2020-01-17T09:10:33.849Z

Several large German retailers want to make clear where their products come from. The aim is to guarantee living wages for farmers worldwide.



At the start of the Green Week in Berlin, several German food retailers have announced that they want to support living wages for farmers in global supply chains. Representatives from Aldi, Lidl, Kaufland, Rewe, DM and Tegut want to sign a corresponding voluntary declaration together with Development Minister Gerd Müller (CSU).

According to the paper, the companies want to contribute to "enabling farming and working families in global supply chains to have a decent standard of living". First, the companies want to limit themselves to the production of their own brands. Their supply chains should become more transparent.

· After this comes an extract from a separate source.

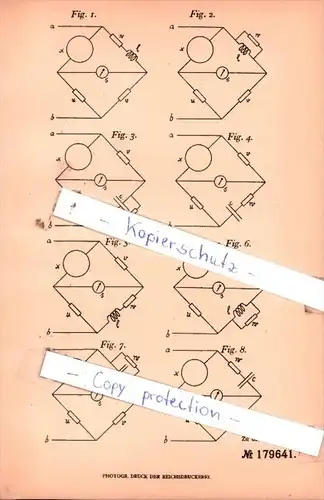 Original Patent  - B. Monasch in Langfuhr b. Danzig , 1905 , elektrische Wechsel-Ströme und Spannungen !!!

Tracing should be possible from the plantation to the supplier. The companies also want to see whether human rights are respected in the manufacture of their products. The Society for International Cooperation (GIZ) is to coordinate the working group. Supermarket chains are repeatedly criticized for low food prices.

Consumer pressure

According to Minister Müller, seven large German supermarket chains are now committed to living wages in their supply chains: "It is good that there is movement in the food trade." This also shows that consumer pressure is working. More and more consumers wanted to know how their food is produced. "The seven pioneering companies recognize for the first time that low incomes are a major challenge and living wages are urgent than ever," said Müller.

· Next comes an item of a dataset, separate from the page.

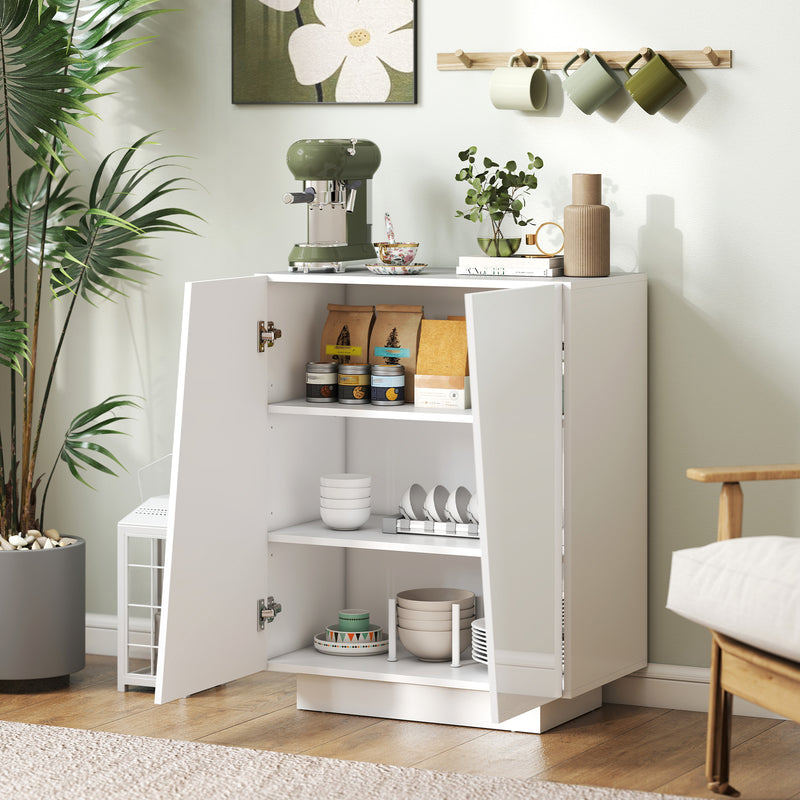 White Glossy Hallway Storage Cabinet with Adjustable Shelves for Shoes and Essentials, 70 x 40 x 88cm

Farmers in developing countries have to receive significantly more of the added value, said the CSU politician. Living income should become the standard: "The goal is clear: 100 percent fair supermarket." The trade must now go beyond this commitment and implement further steps towards fair supply chains.

Cornerstones for a supply chain law come

The development minister and federal labor minister Hubertus Heil (SPD) want to present key points for a supply chain law to respect human rights in the next four weeks. That announced Müller this week. The law should apply to all German companies with at least 500 employees. However, this size threshold should still be discussed as well as the level of sanctions for violations. Sanctions should definitely be enshrined in such a law, said Müller. Company voluntariness alone does not lead to the goal.

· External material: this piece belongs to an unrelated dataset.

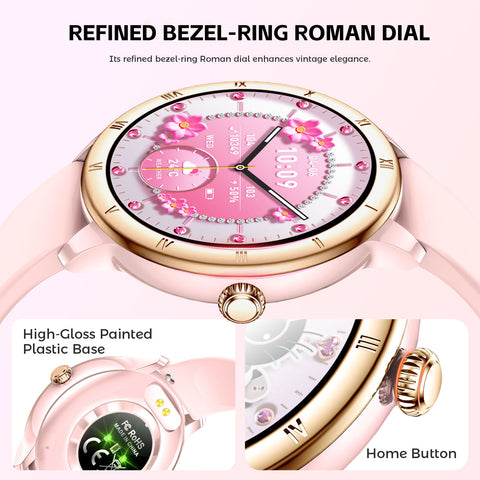 Smart Watch for Women, 1.27" Small Smartwatch with Retro Roman Bezel Design Bluetooth Calling, Heart Rate & Sleep Monitor, Blood Oxygen & Cycle Tracking, 100+ Sport Modes, 3ATM Waterproof Fitness Watch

Around the Green Week agricultural fair, German farmers are also demanding better working conditions and fair prices for their products. For this Friday the alliance "Land creates connection" has announced demonstrations with tractors in Berlin and other German cities such as Stuttgart, Nuremberg and Hanover. Traffic disabilities are expected.

Greens boss Robert Habeck expressed understanding for the anger of the farmers. They suffered from the agricultural system. "The EU funding policy and the export orientation of the economy rely on the fact that they produce more and more at ever lower prices," said Habeck to the "Redaction network Germany". Every regulation reduces farmers' income. "Farmers are being crushed. But the answer, less climate protection or animal welfare, would be wrong." Habeck warned a matter-of-fact tone: "However, you cannot get ahead with moral arrogance towards the farmers."